Entries taken from a collection:
################
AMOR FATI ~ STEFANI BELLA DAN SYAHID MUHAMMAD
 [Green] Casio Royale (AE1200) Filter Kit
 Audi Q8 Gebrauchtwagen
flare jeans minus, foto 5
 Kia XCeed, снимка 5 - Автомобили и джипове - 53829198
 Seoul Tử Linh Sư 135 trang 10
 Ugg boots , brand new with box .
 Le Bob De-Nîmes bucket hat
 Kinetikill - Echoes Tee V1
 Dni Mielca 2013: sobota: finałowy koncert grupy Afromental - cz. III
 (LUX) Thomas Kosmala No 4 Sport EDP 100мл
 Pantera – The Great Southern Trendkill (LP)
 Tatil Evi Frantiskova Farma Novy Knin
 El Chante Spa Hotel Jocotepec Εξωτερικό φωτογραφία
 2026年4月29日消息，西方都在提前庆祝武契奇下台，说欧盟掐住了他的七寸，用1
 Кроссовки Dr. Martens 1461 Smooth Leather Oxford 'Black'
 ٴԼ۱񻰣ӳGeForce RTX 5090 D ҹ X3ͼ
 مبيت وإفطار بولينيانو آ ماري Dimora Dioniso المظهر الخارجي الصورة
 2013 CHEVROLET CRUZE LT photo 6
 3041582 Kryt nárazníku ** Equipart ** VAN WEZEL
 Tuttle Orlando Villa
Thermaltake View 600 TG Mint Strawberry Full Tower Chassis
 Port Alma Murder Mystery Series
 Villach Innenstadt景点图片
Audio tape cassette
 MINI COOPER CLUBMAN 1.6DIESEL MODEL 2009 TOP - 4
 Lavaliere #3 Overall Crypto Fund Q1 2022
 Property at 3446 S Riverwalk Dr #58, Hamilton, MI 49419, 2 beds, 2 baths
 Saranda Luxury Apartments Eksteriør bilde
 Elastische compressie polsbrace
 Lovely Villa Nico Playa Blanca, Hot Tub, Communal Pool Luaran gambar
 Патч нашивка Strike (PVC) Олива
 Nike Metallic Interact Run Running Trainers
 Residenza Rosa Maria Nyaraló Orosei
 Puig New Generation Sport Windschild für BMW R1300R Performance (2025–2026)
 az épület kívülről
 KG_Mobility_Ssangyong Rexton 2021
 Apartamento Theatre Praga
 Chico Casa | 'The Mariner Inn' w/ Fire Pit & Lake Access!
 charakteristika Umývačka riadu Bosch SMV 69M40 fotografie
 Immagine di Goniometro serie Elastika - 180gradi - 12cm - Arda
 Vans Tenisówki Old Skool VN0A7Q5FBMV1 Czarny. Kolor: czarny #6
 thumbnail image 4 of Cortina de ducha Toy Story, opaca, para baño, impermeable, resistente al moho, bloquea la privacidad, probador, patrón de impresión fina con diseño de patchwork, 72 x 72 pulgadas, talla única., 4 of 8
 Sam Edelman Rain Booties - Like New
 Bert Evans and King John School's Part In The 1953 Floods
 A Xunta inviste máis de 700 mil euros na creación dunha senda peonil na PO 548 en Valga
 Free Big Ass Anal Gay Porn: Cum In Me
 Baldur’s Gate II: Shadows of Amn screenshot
################
WORK REQUIRED:
What is needed is a faithful transcription of every entry.

OUTPUT FOR THIS EXERCISE:
AMOR FATI ~ STEFANI BELLA DAN SYAHID MUHAMMAD
 [Green] Casio Royale (AE1200) Filter Kit
 Audi Q8 Gebrauchtwagen
flare jeans minus, foto 5
 Kia XCeed, снимка 5 - Автомобили и джипове - 53829198
 Seoul Tử Linh Sư 135 trang 10
 Ugg boots , brand new with box .
 Le Bob De-Nîmes bucket hat
 Kinetikill - Echoes Tee V1
 Dni Mielca 2013: sobota: finałowy koncert grupy Afromental - cz. III
 (LUX) Thomas Kosmala No 4 Sport EDP 100мл
 Pantera – The Great Southern Trendkill (LP)
 Tatil Evi Frantiskova Farma Novy Knin
 El Chante Spa Hotel Jocotepec Εξωτερικό φωτογραφία
 2026年4月29日消息，西方都在提前庆祝武契奇下台，说欧盟掐住了他的七寸，用1
 Кроссовки Dr. Martens 1461 Smooth Leather Oxford 'Black'
 ٴԼ۱񻰣ӳGeForce RTX 5090 D ҹ X3ͼ
 مبيت وإفطار بولينيانو آ ماري Dimora Dioniso المظهر الخارجي الصورة
 2013 CHEVROLET CRUZE LT photo 6
 3041582 Kryt nárazníku ** Equipart ** VAN WEZEL
 Tuttle Orlando Villa
Thermaltake View 600 TG Mint Strawberry Full Tower Chassis
 Port Alma Murder Mystery Series
 Villach Innenstadt景点图片
Audio tape cassette
 MINI COOPER CLUBMAN 1.6DIESEL MODEL 2009 TOP - 4
 Lavaliere #3 Overall Crypto Fund Q1 2022
 Property at 3446 S Riverwalk Dr #58, Hamilton, MI 49419, 2 beds, 2 baths
 Saranda Luxury Apartments Eksteriør bilde
 Elastische compressie polsbrace
 Lovely Villa Nico Playa Blanca, Hot Tub, Communal Pool Luaran gambar
 Патч нашивка Strike (PVC) Олива
 Nike Metallic Interact Run Running Trainers
 Residenza Rosa Maria Nyaraló Orosei
 Puig New Generation Sport Windschild für BMW R1300R Performance (2025–2026)
 az épület kívülről
 KG_Mobility_Ssangyong Rexton 2021
 Apartamento Theatre Praga
 Chico Casa | 'The Mariner Inn' w/ Fire Pit & Lake Access!
 charakteristika Umývačka riadu Bosch SMV 69M40 fotografie
 Immagine di Goniometro serie Elastika - 180gradi - 12cm - Arda
 Vans Tenisówki Old Skool VN0A7Q5FBMV1 Czarny. Kolor: czarny #6
 thumbnail image 4 of Cortina de ducha Toy Story, opaca, para baño, impermeable, resistente al moho, bloquea la privacidad, probador, patrón de impresión fina con diseño de patchwork, 72 x 72 pulgadas, talla única., 4 of 8
 Sam Edelman Rain Booties - Like New
 Bert Evans and King John School's Part In The 1953 Floods
 A Xunta inviste máis de 700 mil euros na creación dunha senda peonil na PO 548 en Valga
 Free Big Ass Anal Gay Porn: Cum In Me
 Baldur’s Gate II: Shadows of Amn screenshot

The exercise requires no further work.